The rest of the papers were divided into a series of topics as follows:
- Health effects
- Emission studies
- Aerosols and particles
- Air pollution modelling
- Air pollution modernisation and management
- Monitoring and measuring
The emphasis of the Conference, as with all those in the WIT programme, was to allow as much time for discussions as possible. This took place during the formal sessions as well as during the extended coffee breaks and lunches. There was also a joint session with the 22nd International Conference on Urban Transport and the Environment which took place during the same week and at the same venue. This was motivated by the idea of helping to understand better the relationship between air pollution and urban traffic, which pollutes the atmosphere in terms of volatile components and particles. The idea was most successful and it may be followed in the future in those cases when the two meetings coincide.
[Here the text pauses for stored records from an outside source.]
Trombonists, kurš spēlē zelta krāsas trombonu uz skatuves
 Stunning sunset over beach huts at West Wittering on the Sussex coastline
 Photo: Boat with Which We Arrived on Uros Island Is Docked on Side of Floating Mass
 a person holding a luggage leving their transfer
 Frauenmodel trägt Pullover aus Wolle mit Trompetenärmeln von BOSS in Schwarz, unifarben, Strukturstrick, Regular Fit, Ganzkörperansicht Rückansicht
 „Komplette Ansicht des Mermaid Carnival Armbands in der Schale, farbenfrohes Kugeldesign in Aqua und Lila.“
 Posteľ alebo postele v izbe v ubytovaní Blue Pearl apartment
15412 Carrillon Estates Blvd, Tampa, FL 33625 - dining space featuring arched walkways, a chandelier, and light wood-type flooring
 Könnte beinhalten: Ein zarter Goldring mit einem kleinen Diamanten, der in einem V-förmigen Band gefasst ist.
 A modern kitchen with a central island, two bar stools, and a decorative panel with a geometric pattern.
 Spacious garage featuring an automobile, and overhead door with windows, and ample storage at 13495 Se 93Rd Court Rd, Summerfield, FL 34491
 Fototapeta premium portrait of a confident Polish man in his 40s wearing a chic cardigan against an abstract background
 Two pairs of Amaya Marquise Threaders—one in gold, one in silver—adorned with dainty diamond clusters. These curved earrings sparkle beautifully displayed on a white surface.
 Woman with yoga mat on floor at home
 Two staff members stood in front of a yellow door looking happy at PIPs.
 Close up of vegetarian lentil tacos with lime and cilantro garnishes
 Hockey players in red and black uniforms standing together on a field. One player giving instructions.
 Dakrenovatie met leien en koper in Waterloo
The lunches also helped to cement the links developing among the participants. They consisted of a buffet menu and were taken around the main pool. The ISAC (International Scientific Advisory Committee) met over dinner to discuss the next meeting. The dinner took place in an outstanding restaurant at the sea front and consisted of a large grouper fish. The Committee discussed new topics to be included in the Call for Papers and changes to the objectives of the meeting. This is important as the continuous success of the Conference over nearly a quarter of a century is mainly due to its capacity for renewal and evolution. In addition, some new members were nominated for the Committee. The case of where to hold the next conference was discussed in some detail and WIT’s Conference Division was requested to investigate suitable venues. The Conference dinner consisted of a series of typical Cretan dishes, including lamb prepared with rice and other roasted meats. The wines and other dishes were also for the island and of excellent quality. The evening ended with a variety of Cretan sweets and the Island’s formidable raki. The right programme included music and singing during the dinner and the presence of a local group which performed different types of Cretan dancing. At the end, the bravest delegates joined the dancers in a friendly atmosphere.
Close of the Conference
The Conference was closed by Professor Carlos Brebbia and Jim Longhurst. Carlos thanked the delegates for their support of WIT activities and hoped that they will consider collaborating with the Institute’s activities in the future. He stressed WIT’s commitment to disseminate the work at the Conference as widely as possible and in this regard the recent Open Access initiative is a major step forward. Jim closed the Conference by commenting on the friendly atmosphere during the Meeting and invited the delegates to keep in touch with each other and come back next year to participate in the next Conference in the series to take place in Cádiz, Spain, from 25 to 27 April 2017.